Returns the interpolation weights and indices of said weights for a span wise interpolation. The indices refer to column indices of a row vector containing the gust disturbance at each chordwise control point.

This is used in non-span uniform gusts with multiple inputs, where each set of chordwise control points in the state vector corresponds to one gust (i.e. its time history).

The interpolation is performed as follows.

For an arbitrary point within a grid delimited by (0, 0), (0, 1), (1, 0) and (1, 1), the velocity at a given point is:

$u_z = \alpha_1 u_1 + \alpha_0 u_0$

where $$\alpha_1 = \frac{y - y_0}{y_{1} - y_{0}}$$ and $$\alpha_0 = \frac{y_1-y}{y_1-y_0}$$.

The velocities $$u_1$$ and $$u_0$$ are at the current chordwise point, thus translating into

$\begin{split}u_1 = \beta_{11} u_{11} + \beta_{10} u_{10} \\ u_0 = \beta_{01} u_{01} + \beta_{00} u_{00}\end{split}$

where $$\beta_{11} = \frac{x - x_0}{x_1 - x_0}$$ and the rest follow a similar pattern.

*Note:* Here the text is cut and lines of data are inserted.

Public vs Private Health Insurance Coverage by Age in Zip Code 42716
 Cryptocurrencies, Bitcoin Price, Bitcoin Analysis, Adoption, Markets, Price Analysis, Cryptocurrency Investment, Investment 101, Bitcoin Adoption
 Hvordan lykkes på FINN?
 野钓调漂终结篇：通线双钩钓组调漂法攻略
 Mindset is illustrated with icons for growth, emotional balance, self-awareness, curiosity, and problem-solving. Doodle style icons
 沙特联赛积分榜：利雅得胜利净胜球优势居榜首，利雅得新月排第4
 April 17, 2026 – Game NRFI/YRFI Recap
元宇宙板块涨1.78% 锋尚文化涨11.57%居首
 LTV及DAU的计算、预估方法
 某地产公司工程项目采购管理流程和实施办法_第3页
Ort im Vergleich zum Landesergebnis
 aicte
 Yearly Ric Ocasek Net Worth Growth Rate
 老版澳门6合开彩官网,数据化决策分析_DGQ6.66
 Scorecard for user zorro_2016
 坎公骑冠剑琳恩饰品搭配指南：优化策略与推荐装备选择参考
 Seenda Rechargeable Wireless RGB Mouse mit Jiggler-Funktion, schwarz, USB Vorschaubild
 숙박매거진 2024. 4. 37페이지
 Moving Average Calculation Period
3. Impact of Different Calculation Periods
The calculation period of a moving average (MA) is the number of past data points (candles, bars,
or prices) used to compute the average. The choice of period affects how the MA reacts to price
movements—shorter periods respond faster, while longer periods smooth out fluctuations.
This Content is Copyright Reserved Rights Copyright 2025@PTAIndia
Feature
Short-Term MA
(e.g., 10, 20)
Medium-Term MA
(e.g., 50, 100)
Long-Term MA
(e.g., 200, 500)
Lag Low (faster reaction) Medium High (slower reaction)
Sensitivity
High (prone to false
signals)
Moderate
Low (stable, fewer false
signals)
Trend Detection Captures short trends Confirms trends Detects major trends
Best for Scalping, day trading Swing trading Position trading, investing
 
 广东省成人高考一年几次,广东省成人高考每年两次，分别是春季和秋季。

The resulting interpolation scheme gives

$\begin{split}u_z = \begin{pmatrix} \alpha_1 \beta_{11} u_{11} & \alpha_1 \beta{10} & \alpha_0 \beta_{01} & \alpha_0 \beta_{00} \end{pmatrix} \begin{bmatrix} u_{11} \\ u_{10} \\ u_{01} \\ u_{00} \end{bmatrix}.\end{split}$

The indices returned as part of the output correspond to the column indices above to match with the corresponding interpolation control points.

param y_vertex

y (span) coordinate of point

type y_vertex

np.float

param span_loc

Domain of y-coordinates

type span_loc

np.array

param x_vertex

x (chord) coordinate of point

type x_vertex

np.float

param x_domain

Domain of x coordinates

type x_domain

np.array

returns
2-tuple containing i) the 4-array of interpolation weights and ii) the 4-array of column

indicies to place such weights.

rtype

tuple